#### What to do:
Copy the data from the line that contains "this 1344×896 image." to its last line, exactly, including both of those lines and leaving out everything before.

#### Exercise input:
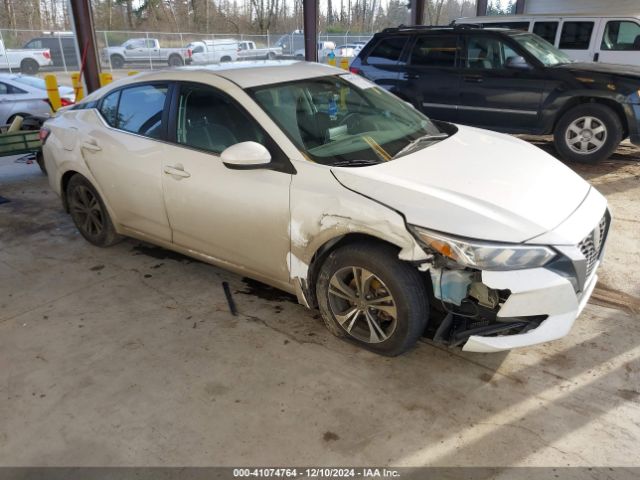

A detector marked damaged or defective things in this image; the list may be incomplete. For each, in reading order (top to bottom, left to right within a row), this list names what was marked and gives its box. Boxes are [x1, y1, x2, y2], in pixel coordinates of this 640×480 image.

damaged white sedan [41, 62, 608, 356]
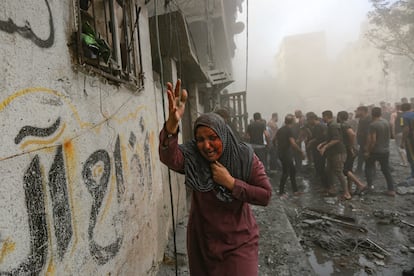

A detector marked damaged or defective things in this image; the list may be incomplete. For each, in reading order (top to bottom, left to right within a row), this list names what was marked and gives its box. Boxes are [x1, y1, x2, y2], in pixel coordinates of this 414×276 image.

broken window frame [74, 0, 144, 88]
damaged building facade [0, 0, 244, 274]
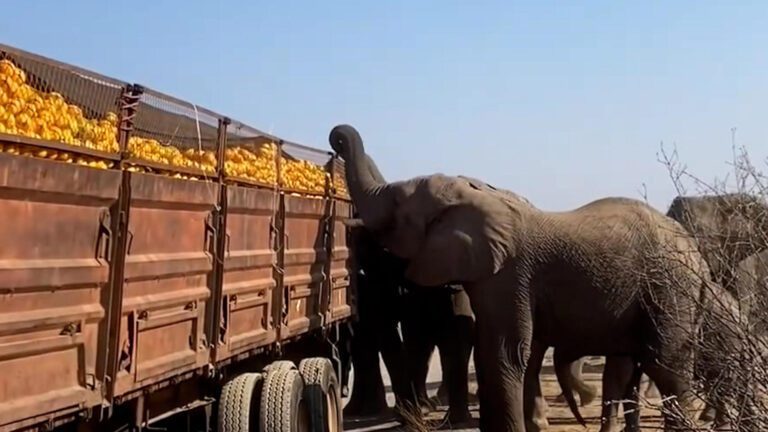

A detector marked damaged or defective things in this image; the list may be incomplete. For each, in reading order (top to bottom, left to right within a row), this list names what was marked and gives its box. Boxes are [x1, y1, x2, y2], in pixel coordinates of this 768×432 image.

rusty cargo truck [0, 44, 354, 432]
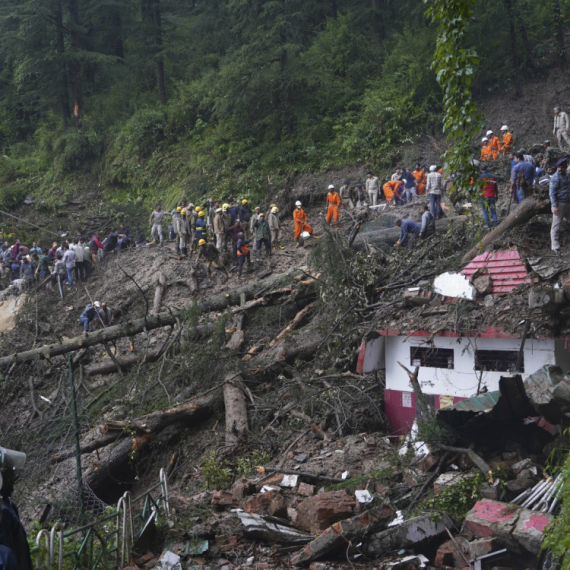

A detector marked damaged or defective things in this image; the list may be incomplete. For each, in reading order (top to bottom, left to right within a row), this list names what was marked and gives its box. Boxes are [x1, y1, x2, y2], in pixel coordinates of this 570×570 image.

broken window [408, 346, 452, 368]
broken window [472, 348, 520, 370]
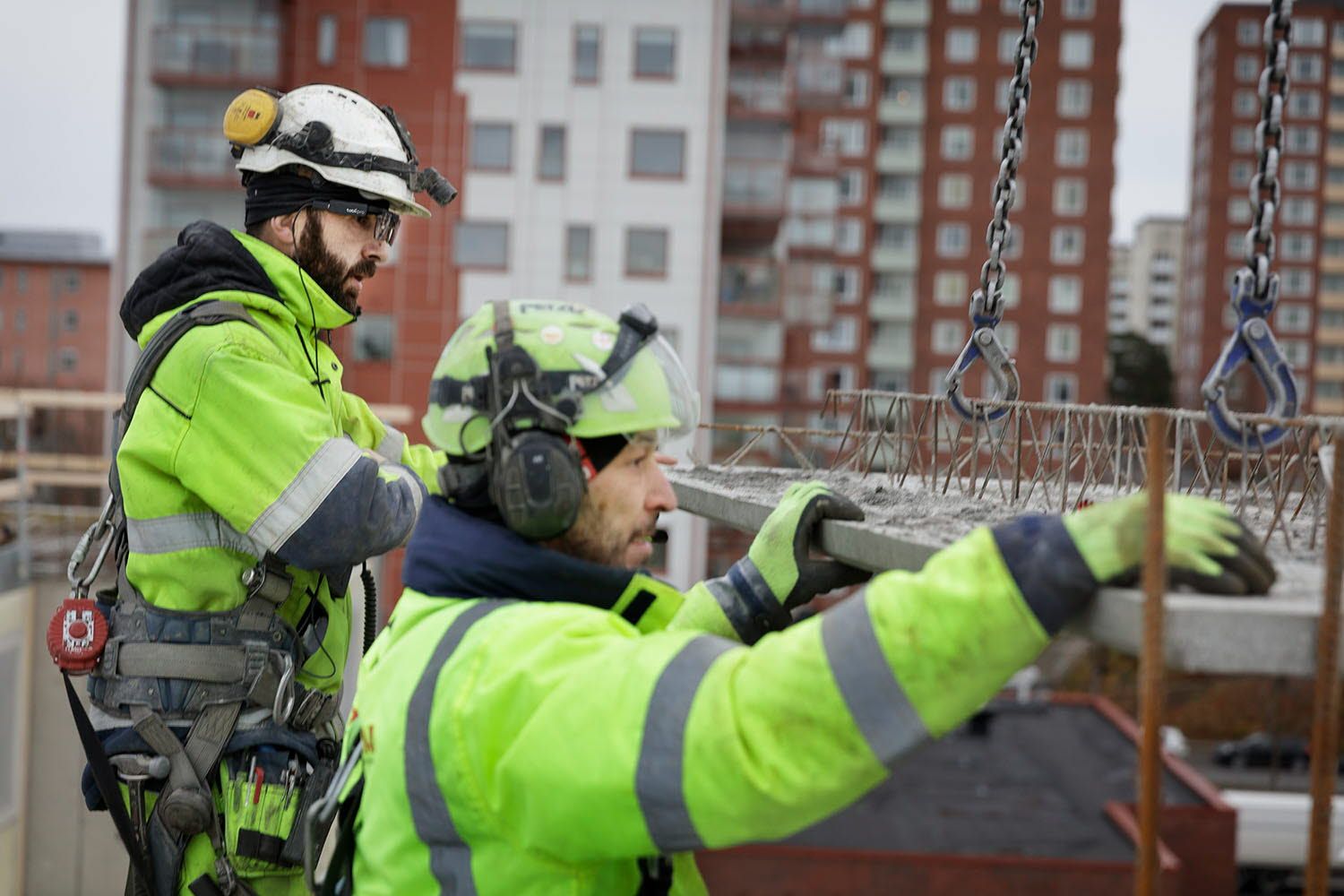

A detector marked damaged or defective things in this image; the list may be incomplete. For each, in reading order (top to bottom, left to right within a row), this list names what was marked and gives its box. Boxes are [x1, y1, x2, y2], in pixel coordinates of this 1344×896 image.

rusty metal post [1134, 413, 1167, 896]
rusty metal post [1301, 429, 1344, 896]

#### Result:
A detector marked damaged or defective things in this image; the list may be incomplete. For each, in reading order (top to bottom, left to right within a row), this list names what was marked and gives its box. Boxes are [x1, y1, x2, y2], in pixel coordinates of this 1344×896 image.

rusty metal post [1134, 413, 1167, 896]
rusty metal post [1301, 429, 1344, 896]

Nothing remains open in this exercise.